Et pourtant, des matchs, Lucas en a joué. Mine de rien, c’est aujourd’hui lui le Brésilien le plus capé de l’histoire du PSG, et encore la saison dernière, il était le joueur le plus utilisé par Emery. Statistiquement parlant, rien de dégueulasse non plus et depuis son arrivée, chaque saison, il a marqué plus de buts que celle d’avant. Le souci, c’est que Lucas a trop souvent rendu fous les supporters. Incarnation parfaite du poulet sans tête qui joue en regardant ses pieds, allergique à l’efficacité, Moura fait pousser des soupirs dépités aux plus calmes et met franchement en colère les autres. Et si demain, un type sorti d’un coma de vingt ans demande : « C’est qui Lucas Moura ? » , il n’y aura qu’à l’installer devant la vidéo de son rush contre Marseille en 2014 en lui disant : « Regarde. Lucas Moura, c’est ça. »

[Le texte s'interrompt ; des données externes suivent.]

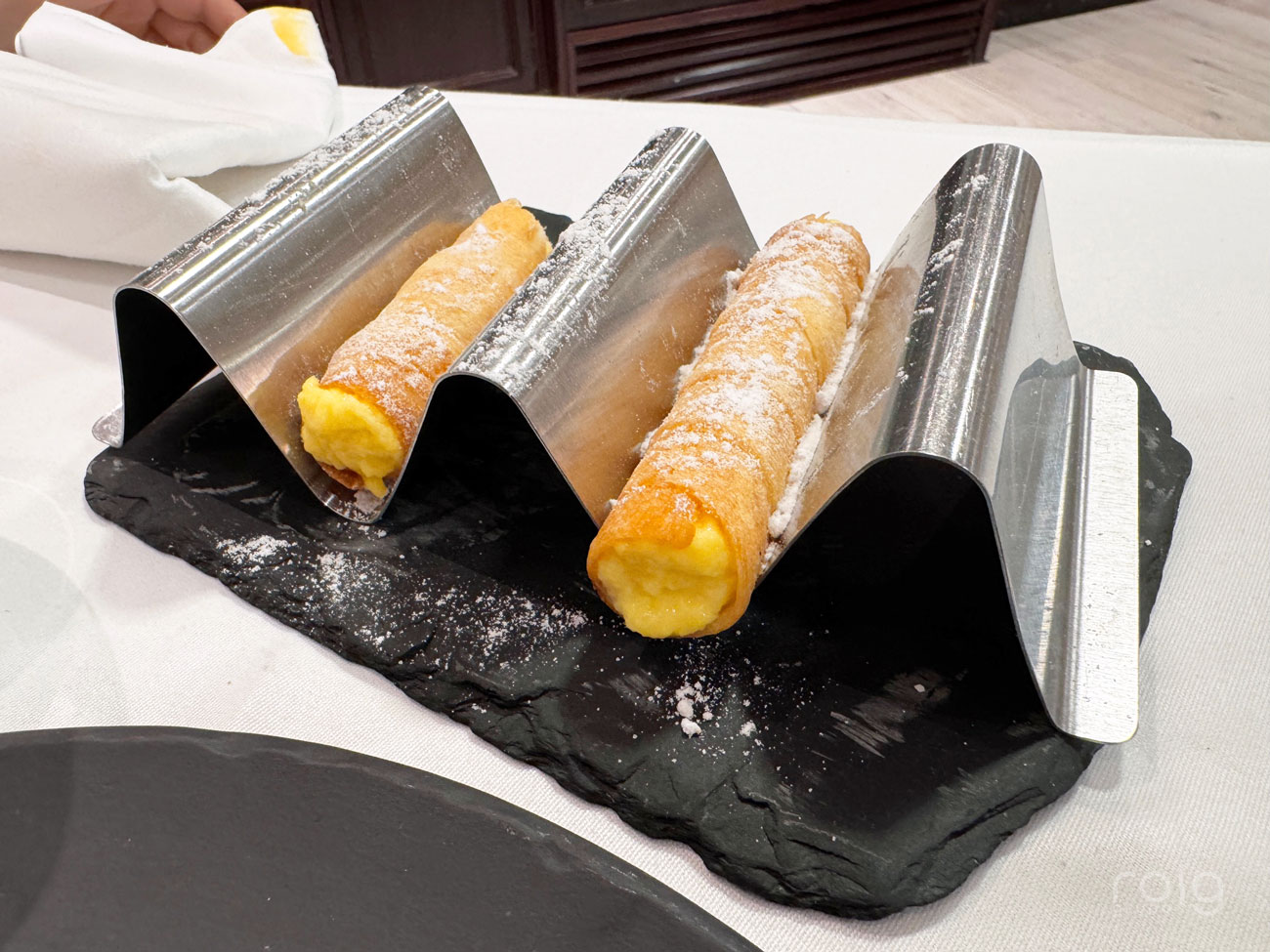 Postre gourmet servido sobre soporte metálico ondulado con base de pizarra negra en restaurante El Mosquito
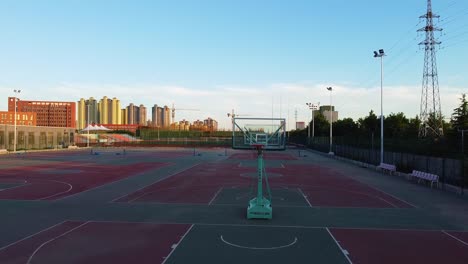 Empty-Basketball-courts-at-Beijing-Jiaotong-University-Weihai-campus,-China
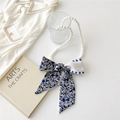Detailed shot of pearl necklace with blue floral silk ribbon bow on art book background - Dark Blue Paisley Floral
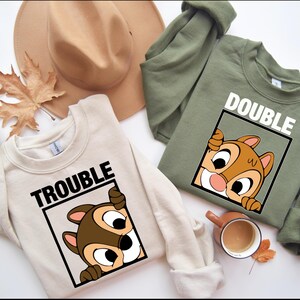 May include: Two cream and olive green sweatshirts with a cartoon chipmunk peeking out of a frame. The cream sweatshirt says "Trouble" and the olive green sweatshirt says "Double".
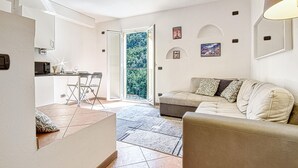 A modern living room with a sofa, a dining area with a table and chairs, and a balcony with a view of trees. - 1 bedroom pet friendly home in Avegno (Avegno)
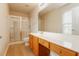Bright bathroom with a glass-enclosed shower, wood cabinets, and large vanity mirror at 8285 Little Sydneys Way, North Charleston, SC 29406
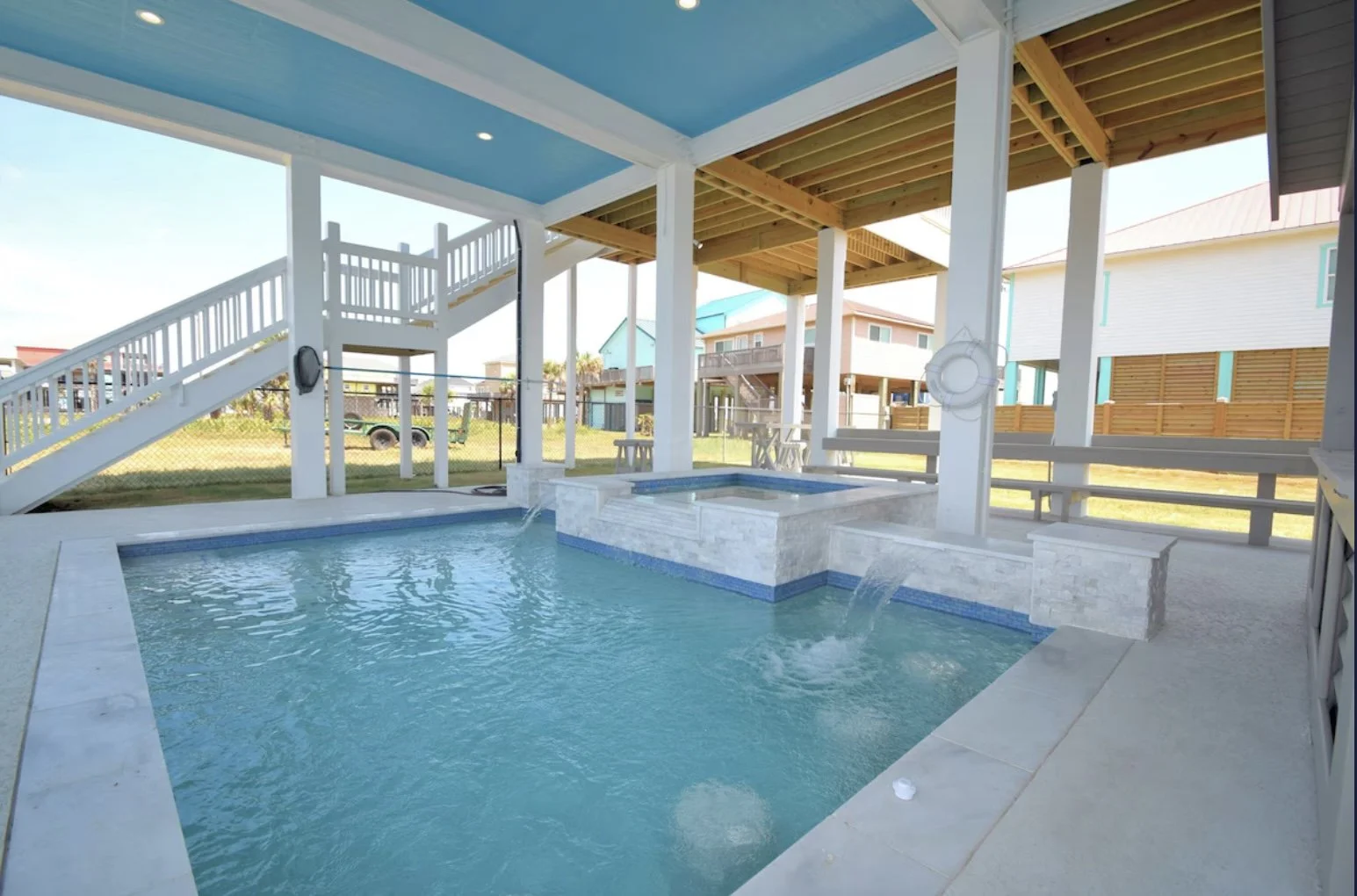 Covered backyard with swimming pool and hot tub, surrounded by a white fence, with neighboring houses visible in the background.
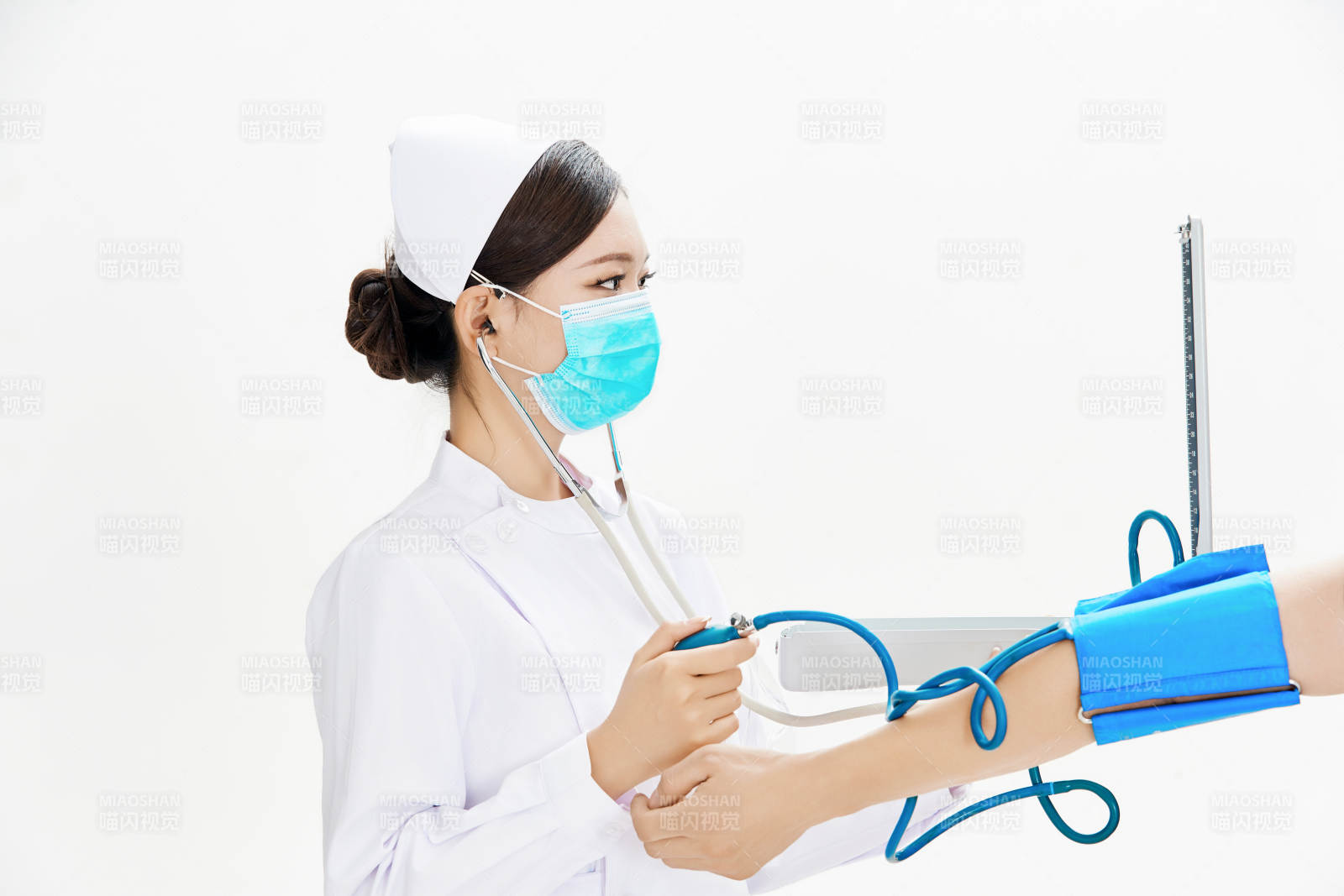 白色背景下手持血壓計(jì)為患者測(cè)量血壓的護(hù)士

La dernière passe décisive

Du coup, alors qu’en décembre 2012, on se demandait quels Parisiens allaient le plus souffrir de son arrivée, Lucas a basculé dans l’autre camp, celui des pauvres cloches qui perdent des minutes de jeu à chaque nouvelle recrue offensive de Paris. Le tout sans avoir l’excuse des blessures comme Pastore. Mais comme Lucas est tout sauf un mauvais bougre, personne ne lui souhaitait de mal et une signature à Tottenham est ce qui pouvait lui arriver de mieux. Vu son manque de temps de jeu et sa réputation, il s’en tire même carrément bien, surtout quand certains juraient qu’il n’y avait plus que la Chine pour vouloir encore de lui. Avant de claquer la porte direction Londres, Lucas aura fait les choses bien. Pas une déclaration plus haute que l’autre, une abnégation admirable, et un attachement jamais feint au PSG.

Mieux, certains lui prêtent un rôle réel dans l’arrivée de son ami Neymar à Paris. Que son influence dans le choix de Junior soit réelle ou fantasmée, laissons à Lucas le bénéfice du doute et accordons-lui cette dernière passe décisive. Ce qui est sûr, c’est que les larmes de Marquinhos n’étaient pas fantasmées quand il s’est mis à pleurer face caméra sur Canal+ en parlant de son Lucas adoré. Moura laisse derrière lui des amis, des vrais. Il part en laissant surtout pas mal de regrets. Paris attendait son messie, d’après L’Équipe. Tant pis pour la clairvoyance. N’oublions pas que sur cette même une, à droite de la grande photo de Lucas, un petit encart annonçait une interview de Túlio de Melo avec cette déclaration : « Je veux aider le LOSC. » La suite, c’est une saison à un but en championnat. Décidément, le mois de décembre 2012 était peu propice aux prédictions.